Temiendo que Xia Hanmo no pudiera aceptar la verdad, Lin Qian decidió no decirle nada por ahora y en su lugar se lo contó a Tangning.
Después de que Tangning oyó lo que había pasado, ella inmediatamente le pidió a Lin Qian: —No dejes que nadie se entere de esto por ahora.
Si Zhou Qing es realmente así, entonces necesitamos tener un plan de ataque adecuado.
Especialmente para Hanmo, necesitamos ayudarla a retirarse con seguridad.
—Bien —contestó.
Lin Qian se obligó a sí misma a calmarse, pero todavía temía por su propia seguridad, así que decidió llamar a Li Jin.
Después, Lin Qian volvió al estudio.
Pero, en ese momento, Zhou Qing miró hacia ella.
Lin Qian no pudo evitar su mirada, así que ella lo miró directamente.
¿Por qué no se había dado cuenta de que este hombre era tan bueno ocultando su verdadero ser?
Después de que la filmación se completó, Lin Qian fue al estacionamiento a buscar su auto.

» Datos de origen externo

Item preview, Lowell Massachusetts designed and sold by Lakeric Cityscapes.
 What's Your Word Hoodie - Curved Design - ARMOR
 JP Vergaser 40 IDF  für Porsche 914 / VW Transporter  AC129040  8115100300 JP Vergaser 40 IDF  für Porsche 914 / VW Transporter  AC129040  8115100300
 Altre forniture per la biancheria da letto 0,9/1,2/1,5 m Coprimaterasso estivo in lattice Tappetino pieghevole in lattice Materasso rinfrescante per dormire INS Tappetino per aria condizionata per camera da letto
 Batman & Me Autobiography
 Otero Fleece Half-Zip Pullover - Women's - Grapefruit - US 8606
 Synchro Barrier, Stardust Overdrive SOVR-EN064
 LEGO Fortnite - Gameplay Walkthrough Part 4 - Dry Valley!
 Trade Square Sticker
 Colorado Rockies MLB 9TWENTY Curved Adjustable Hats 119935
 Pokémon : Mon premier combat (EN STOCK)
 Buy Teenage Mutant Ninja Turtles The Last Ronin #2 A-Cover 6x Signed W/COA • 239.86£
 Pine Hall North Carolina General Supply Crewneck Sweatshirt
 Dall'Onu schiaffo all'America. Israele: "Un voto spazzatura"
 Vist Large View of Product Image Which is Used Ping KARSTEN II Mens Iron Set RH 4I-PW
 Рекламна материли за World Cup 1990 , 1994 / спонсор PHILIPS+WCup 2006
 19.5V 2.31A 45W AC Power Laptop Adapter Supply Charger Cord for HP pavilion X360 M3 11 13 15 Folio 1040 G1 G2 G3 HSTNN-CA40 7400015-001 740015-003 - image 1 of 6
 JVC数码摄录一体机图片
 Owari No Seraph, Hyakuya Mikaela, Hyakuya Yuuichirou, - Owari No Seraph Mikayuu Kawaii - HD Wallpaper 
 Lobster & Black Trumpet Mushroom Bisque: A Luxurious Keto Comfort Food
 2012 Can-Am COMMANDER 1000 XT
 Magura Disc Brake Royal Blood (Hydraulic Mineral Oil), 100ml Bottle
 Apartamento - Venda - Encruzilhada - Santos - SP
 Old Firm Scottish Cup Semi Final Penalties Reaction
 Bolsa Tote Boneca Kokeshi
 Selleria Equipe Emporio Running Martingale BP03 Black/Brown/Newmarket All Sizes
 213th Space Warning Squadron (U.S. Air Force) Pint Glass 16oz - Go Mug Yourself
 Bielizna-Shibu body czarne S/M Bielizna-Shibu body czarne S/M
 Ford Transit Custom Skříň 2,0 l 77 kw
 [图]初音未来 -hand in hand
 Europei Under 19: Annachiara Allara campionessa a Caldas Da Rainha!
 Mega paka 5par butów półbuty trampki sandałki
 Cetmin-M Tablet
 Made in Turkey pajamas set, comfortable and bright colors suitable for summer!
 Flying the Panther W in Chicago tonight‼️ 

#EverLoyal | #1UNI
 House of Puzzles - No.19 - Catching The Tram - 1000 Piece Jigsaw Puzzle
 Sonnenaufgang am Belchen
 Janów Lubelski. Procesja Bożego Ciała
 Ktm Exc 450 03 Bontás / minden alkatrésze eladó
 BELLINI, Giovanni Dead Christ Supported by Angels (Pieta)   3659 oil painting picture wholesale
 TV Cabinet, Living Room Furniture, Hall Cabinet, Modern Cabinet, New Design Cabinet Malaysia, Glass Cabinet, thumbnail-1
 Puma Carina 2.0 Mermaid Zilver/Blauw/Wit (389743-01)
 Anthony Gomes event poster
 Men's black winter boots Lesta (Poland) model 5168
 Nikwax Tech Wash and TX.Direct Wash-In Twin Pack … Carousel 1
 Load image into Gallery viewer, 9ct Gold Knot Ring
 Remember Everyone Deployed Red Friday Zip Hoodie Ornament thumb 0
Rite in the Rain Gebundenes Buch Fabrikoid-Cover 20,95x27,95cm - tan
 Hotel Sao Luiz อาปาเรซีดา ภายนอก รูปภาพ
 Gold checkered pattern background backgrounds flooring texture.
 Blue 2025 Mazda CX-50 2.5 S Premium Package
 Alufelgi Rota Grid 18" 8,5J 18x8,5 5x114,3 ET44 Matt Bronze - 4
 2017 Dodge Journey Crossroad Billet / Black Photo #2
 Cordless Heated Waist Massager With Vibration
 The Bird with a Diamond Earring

En ese momento, Zhou Qing se acercó a Xia Hanmo y le dijo: —Hanmo, creo que Lin Qian te mintió.
Estoy seguro de que estuvo en el estacionamiento antes.
Puede que me haya oído hablar por teléfono.
—¿Por qué iba a mentir Lin Qian?
—Creo que puede haberme malinterpretado.
El hijo del director del canal de televisión me ha causado muchos problemas, así que mis amigos se ofrecieron a defenderme.
Ella puede haber pensado que yo le hice algo a él.
—Pues si es un malentendido, entonces explícaselo a ella —respondió.
A Xia Hanmo no parecía importarle.
Después de todo, escuchar algo incorrectamente era algo normal.
—Si Lin Qian realmente entendió mal, ¿puedes explicárselo por mí?
—No te preocupes, Zhou.
Xia Hanmo no tenía ni idea de que todo esto era un truco.
Así que después de subir al coche, le preguntó a Lin Qian: —Qian Qian, Zhou dijo que te vio yendo al estacionamiento.
¿Realmente fuiste allí?
Lin Qian no respondió.
Ella ya podía adivinar que Zhou Qing había tratado de explicarse a Xia Hanmo, pero el contenido de su explicación solo se conocería entre los dos.
Por su propia seguridad, Lin Qian negó la cabeza.
—Honestamente no fui al estacionamiento.
Fui a la sala de maquillaje.
Zhou debe haberme confundido con otra persona.
—¿En serio?
—En serio —asintió Lin Qian.
—Está bien.
A partir de ese momento, Xia Hanmo simplemente pensó que Lin Qian y Zhou Qing andaban un poco raros.
Lin Qian sospechaba de Zhou Qing, pero si no tenía pruebas y trataba de acusarlo, simplemente terminaría exponiéndose.
Lo peor de todo era que Xia Hanmo perdería su confianza en ella.
Pronto, Li Jin llegó para llevar a Lin Qian a casa.
Después de escuchar a Lin Qian recordar lo que pasó, le dio una palmadita en la espalda con un elogio: —Lo hiciste bien.